When I first met her, to be frank, I thought she was a little weird, a little too light, almost as if she had no tether to the world, no attachments, no burdens. She was like a fairy, a denizen of the light, a good spirit. She was the opposite of me (me being sarcastic, and skeptical, unsympathetic, brutally honest, crude, lewd, and altogether lacking in human decency), or so I thought.
Indeed after only an hour of further acquaintance, I began to understand her philosophies, her view of people, of her space. After a third meeting, I began to understand her desire to help others grow. After the fourth, I saw the equality in her eyes, saw that she knew the potential in all of us. At the fifth meeting, today, I am confronted with her steady temperament, her easy manners. I am confronted with my own reluctance.
If I am to be honest, I did not want to come today. I did not know what to write. I did not know how, or why I should share this journey with you (what this journey was to begin with), and, honestly, I am a bit nervous to meet all of you.

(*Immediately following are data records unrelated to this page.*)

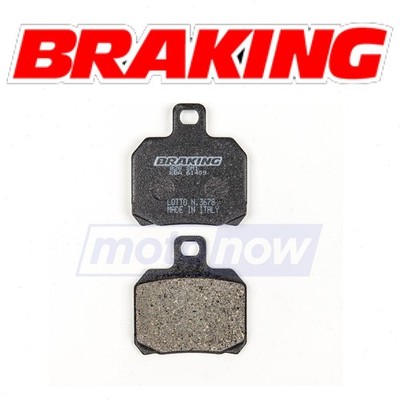 Braking 828SM1 SM1 Semi Metallic Pads for Brake Brake Pads/Shoes  pp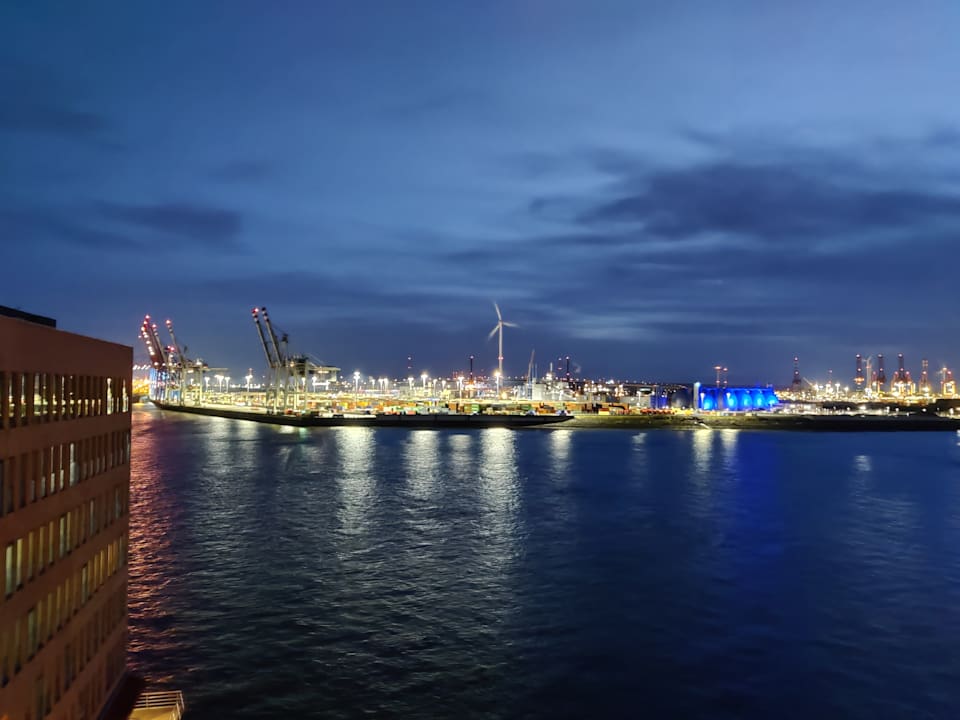 Ausblick Clipper Boardinghouse Hamburg-Holzhafen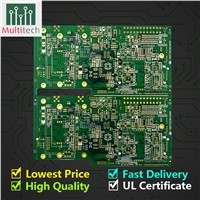 PCB Prototype 2 Layers FR4 Manufacturer Etching Fabrication Customized Service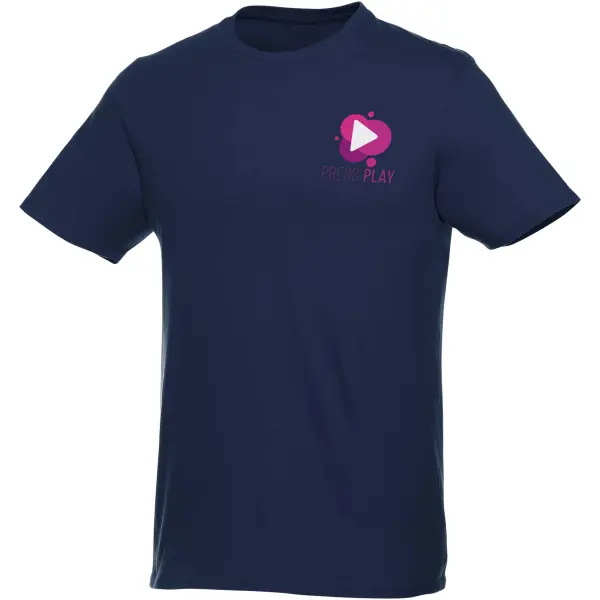 T-shirt uomo HEROS promozionale 150 g/m² cotone morbido - Immagine 74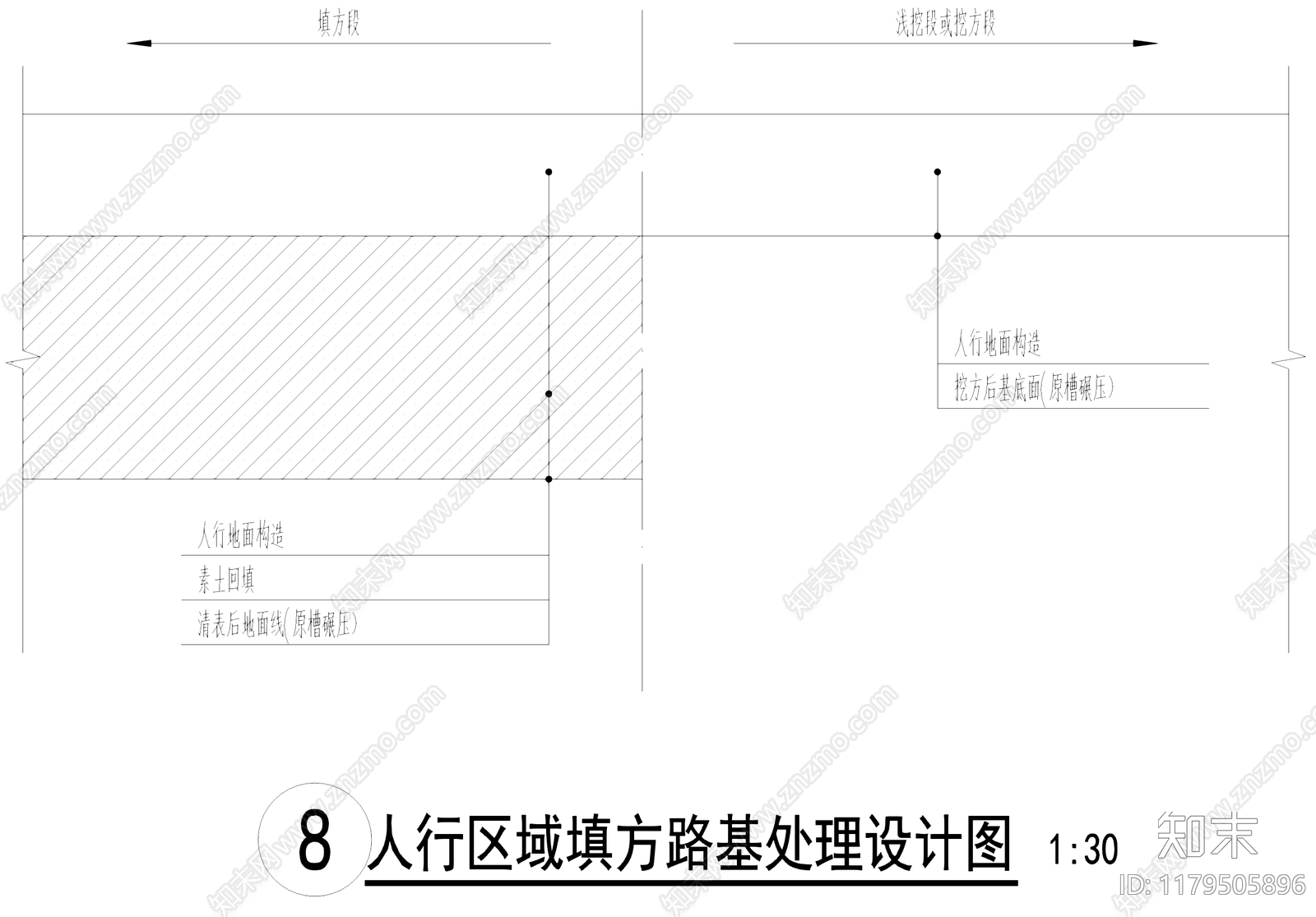 道路施工图下载【ID:1179505896】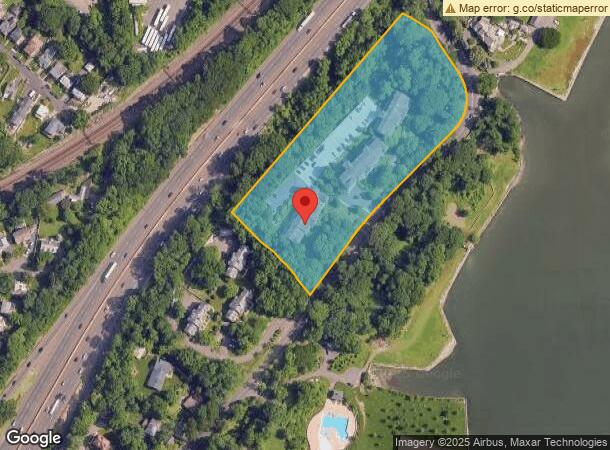  124 Ritch Ave W, Greenwich, CT Parcel Map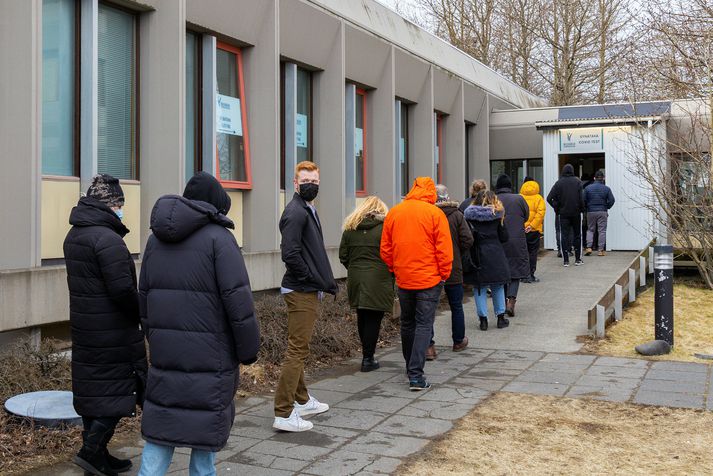 Mikil ásókn hefur verið í sýnatöku en verkefnastjóri segir vel hafa gengið.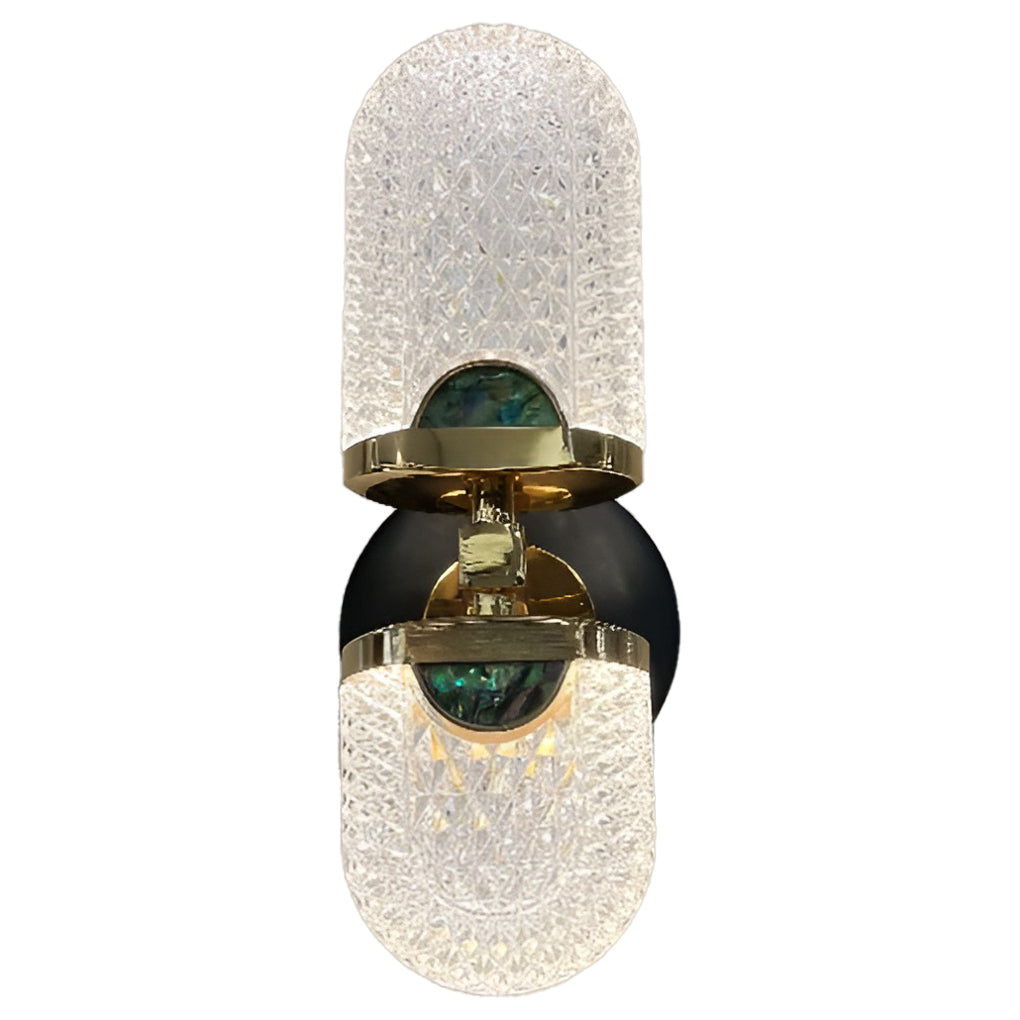 Creative LED Wall Sconces with Three-Step Dimming – Up and Down Light Effect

I was met with a wonderful challenge, and I am not one to take up challenges, you see. I prefer to live in my own space, writing other people's stories, because I find my own not worth writing about, not worth reading, not worth understanding.
But that is exactly what this is about. That is what Camp Now is about. That is why I am here today.
What do I want to get out of this experience? Why am I doing this? What can I contribute to this movement? Who am I? Why do I matter? Do I matter?
Will what I write be seen?
How can I make it be seen?
How can I help? What do I not understand? What do I need to learn? What will I learn? What will I do from here on out?
How can I help you?
If you have made it this far with me, then Welcome. Shall we discover myth, music, and magic together?
My name is Grace, I've been working for Camp Now for five days, and it all started when I met her, that weird woman G.E. Fox. It is always strange, isn't it, meeting someone with your own name. It is even stranger not knowing what will happen when two creative minds connect. What magic it will produce! What song! What life! I do not know what will come of it, how I will change, but join me, and we'll fly together.
Now, what will we Crealitate?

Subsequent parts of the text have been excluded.